The American Society of Hematology recommends that any decision to use extended post-discharge thromboprophylaxis with anticoagulation or aspirin should consider the individual patient’s VTE risk factors, such as reduced mobility, coagulopathy, and bleeding risk. For patients who have been given empirical therapeutic anticoagulation for suspected PE, it is recommended that they should remain anticoagulated for at least 3 months, regardless of the results of future investigation studies. Moreover, cases of confirmed VTE should be considered as “provoked” and treated for a duration of 3–6 months [1].

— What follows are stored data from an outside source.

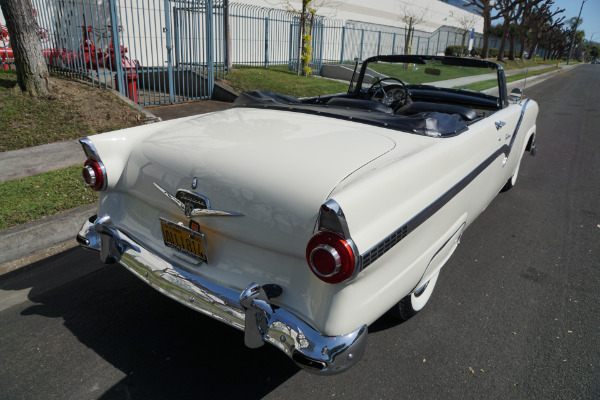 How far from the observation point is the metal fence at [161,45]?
8555 mm

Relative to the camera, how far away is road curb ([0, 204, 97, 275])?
3.33 m

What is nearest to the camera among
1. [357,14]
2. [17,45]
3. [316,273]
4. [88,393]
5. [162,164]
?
[316,273]

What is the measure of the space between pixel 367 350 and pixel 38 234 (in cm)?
282

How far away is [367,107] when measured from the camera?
329cm

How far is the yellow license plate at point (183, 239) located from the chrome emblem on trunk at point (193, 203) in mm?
109

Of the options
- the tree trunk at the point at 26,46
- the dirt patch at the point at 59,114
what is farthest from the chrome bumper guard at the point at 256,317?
the tree trunk at the point at 26,46

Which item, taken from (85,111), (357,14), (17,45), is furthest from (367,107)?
(357,14)

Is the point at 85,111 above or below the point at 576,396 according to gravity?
above

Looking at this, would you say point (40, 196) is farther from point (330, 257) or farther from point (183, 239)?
point (330, 257)

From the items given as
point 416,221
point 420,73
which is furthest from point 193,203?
point 420,73

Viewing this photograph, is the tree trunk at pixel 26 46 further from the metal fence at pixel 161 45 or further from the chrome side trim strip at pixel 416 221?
the chrome side trim strip at pixel 416 221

Future therapeutic targets and areas of research

As previously highlighted, a unique mechanisms of inducing coagulopathy has been observed in COVID-19 [1]. Several other potential therapies targeting endothelial dysfunction or fibrinolysis in COVID-19 patients have been proposed or are currently underway [6]. The experimental use of immunosuppressive agents can potentially halt the bidirectional cross-talk between inflammation and the thrombosis process in COVID-19 patients [1]. Different data showed that treatment with humanized anti-C5a antibody significantly ameliorated lung injury and inflammation. Thereby, complement inhibition with agents such as eculizumab, may also be a promising treatment for severe COVID-19 forms [1]. Different studies propose several mechanisms of either directly targeting the molecules that form NETs, such as IL1β, or the processes that leads to their formation, since NETs have the potential to initiate and propagate both inflammation and thrombosis [1,49]. As the cytokine storm has an important role in thrombosis, anti-IL drugs may prove their role as a treatment option in affected patients. Studies are required to see the effect of tocilizumab (anti IL-6) and canakinumab (anti IL-1) for the treatment of COVID-19. Anti-Janus kinase and anti-human immunoglobulin G inhibitors may also be potential treatment options [41]. Since the pathogenesis of inflammation and sepsis-induced coagulopathy involves the production of thrombin and the reduction of natural anticoagulant proteins, numerous studies have explored the benefit of using coagulation inhibitors such as antithrombin. In general, these data provide incentive for considering experimental therapies that address physiologic anticoagulant pathways that are most likely inhibited or inactivated in COVID-19 [1,10,40]. There has been development in several research lines evaluating antithrombotic therapies, which are listed on ClinicalTrials.gov.

Conclusion

In conclusion, the prothrombotic status in COVID-19 patients is a reality, being responsible for the occurrence of both arterial and venous thrombosis. Increased D-dimer levels are an independent risk factor for the adverse outcomes in patients with COVID-19.

The COVID-19 associated coagulopathy is emerging as a major pathological occurrence with multiple hypercoagulable events, including stroke, myocardial infarction and multisystemic organ failure. Accumulating evidence highlights that the hypercoagulability of SARS-CoV-2 involves a complex interplay of multiple pathways with unique mechanisms of thrombo-inflammation. A better understanding of this pathophysiology will allow to determine the optimal doses of anticoagulation therapies and to study other treatment modalities. Available evidence and guidelines recommend prophylactic anticoagulation with LMWH for all hospitalized patients.